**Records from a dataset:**
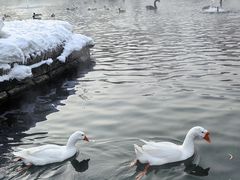 -水磨沟公园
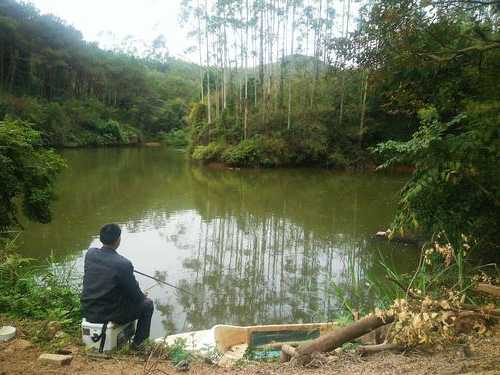 山塘农场钓鱼怎么样，山塘农场钓鱼怎么样好钓吗-图3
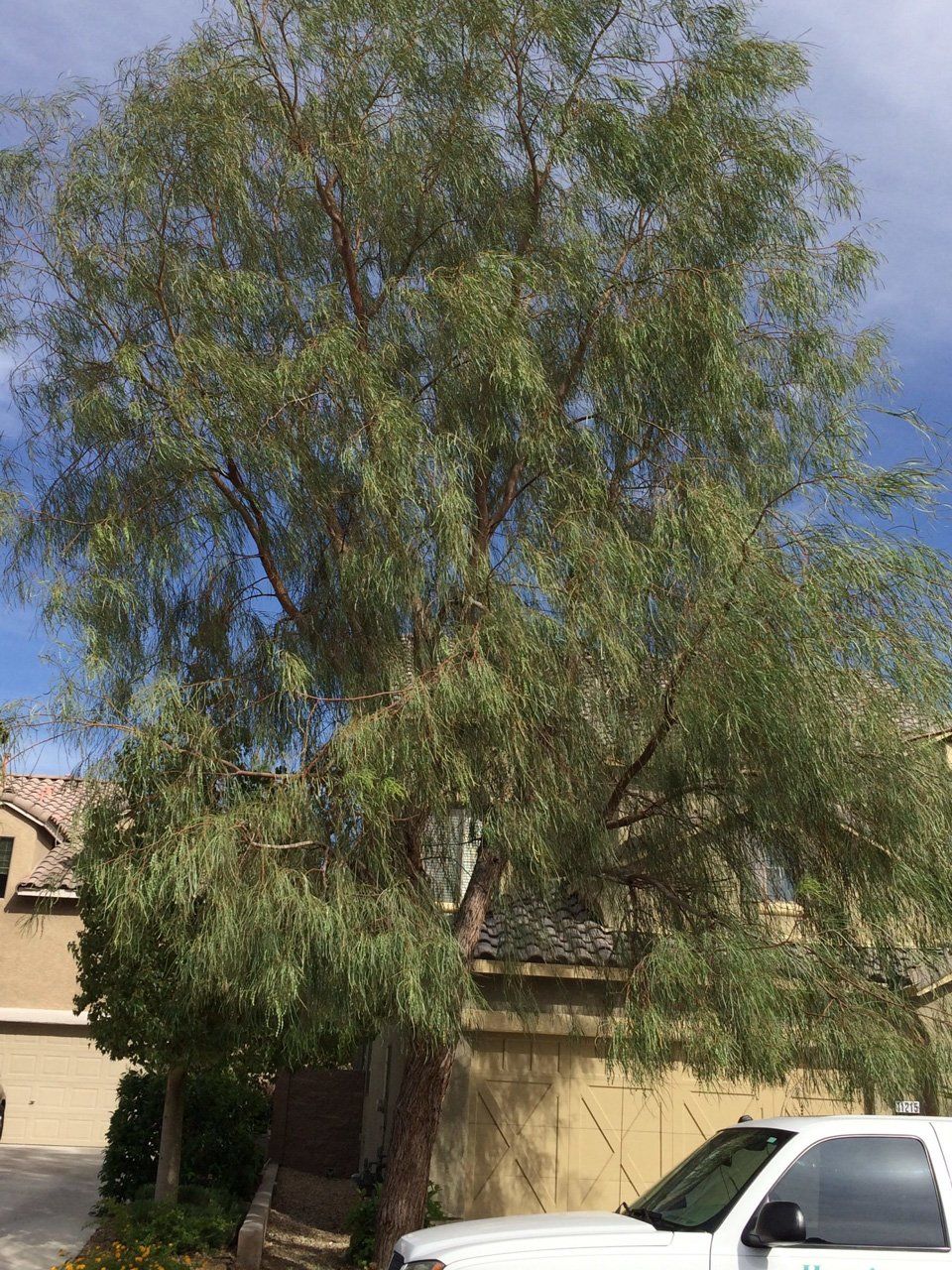Before Tree Trimming Service — Las Vegas, NV — Henrie Tree Service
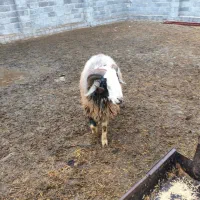 قوچ|حیوانات مزرعه|نیریز, |دیوار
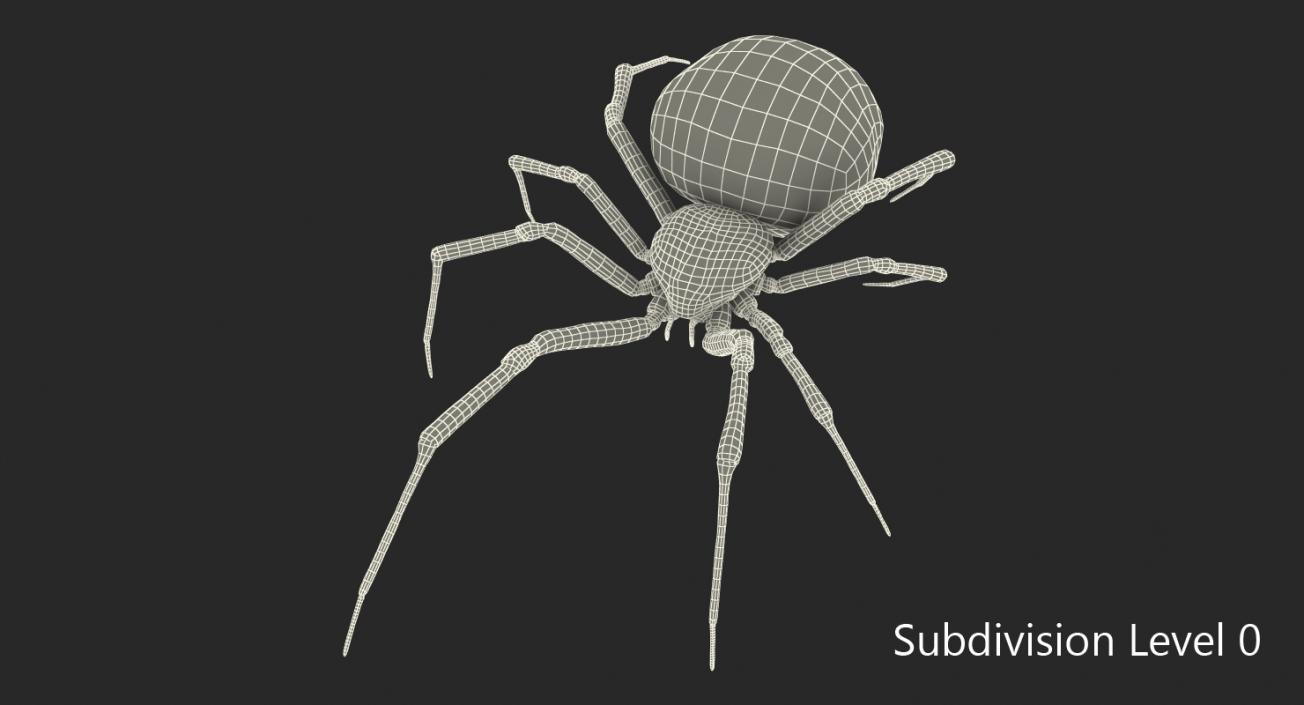 Widow Spider 3D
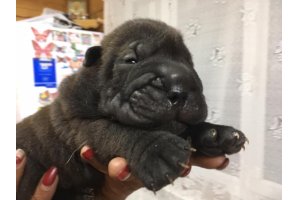 АЛАКСАР СВЕТ ИКАР (продан)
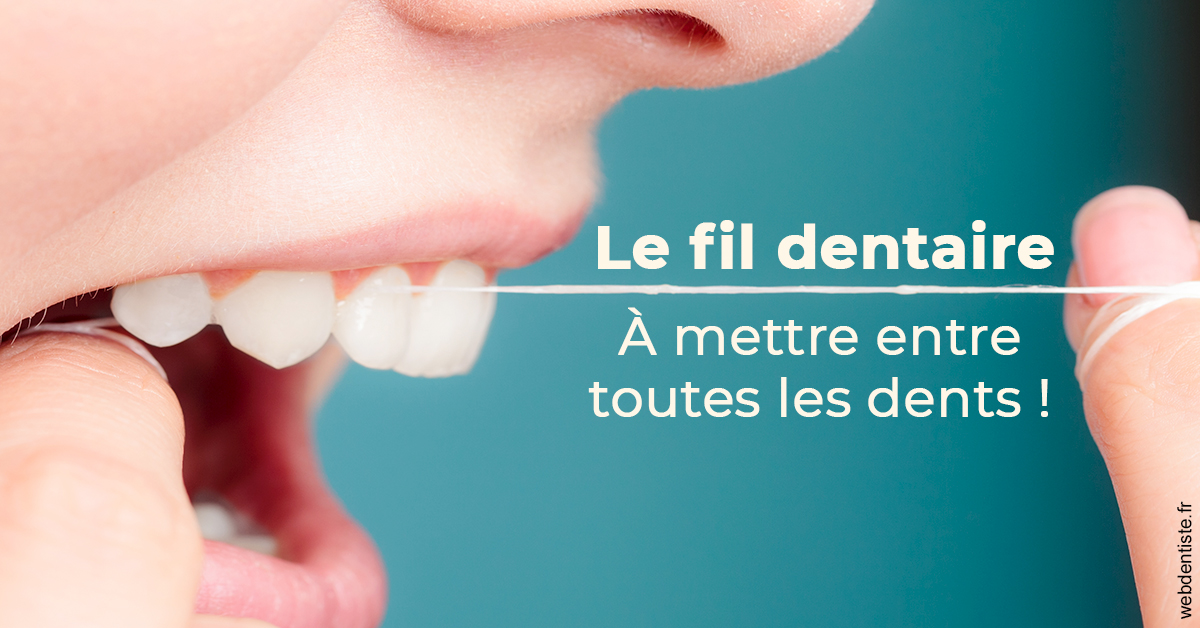 https://www.dr-bonan-stephanie.fr/Le fil dentaire 2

**WHAT IS EXPECTED:** Output the records above exactly; leave out the pictures.

**YOUR SOLUTION:**
 -水磨沟公园
 山塘农场钓鱼怎么样，山塘农场钓鱼怎么样好钓吗-图3
Before Tree Trimming Service — Las Vegas, NV — Henrie Tree Service
 قوچ|حیوانات مزرعه|نیریز, |دیوار
 Widow Spider 3D
 АЛАКСАР СВЕТ ИКАР (продан)
 https://www.dr-bonan-stephanie.fr/Le fil dentaire 2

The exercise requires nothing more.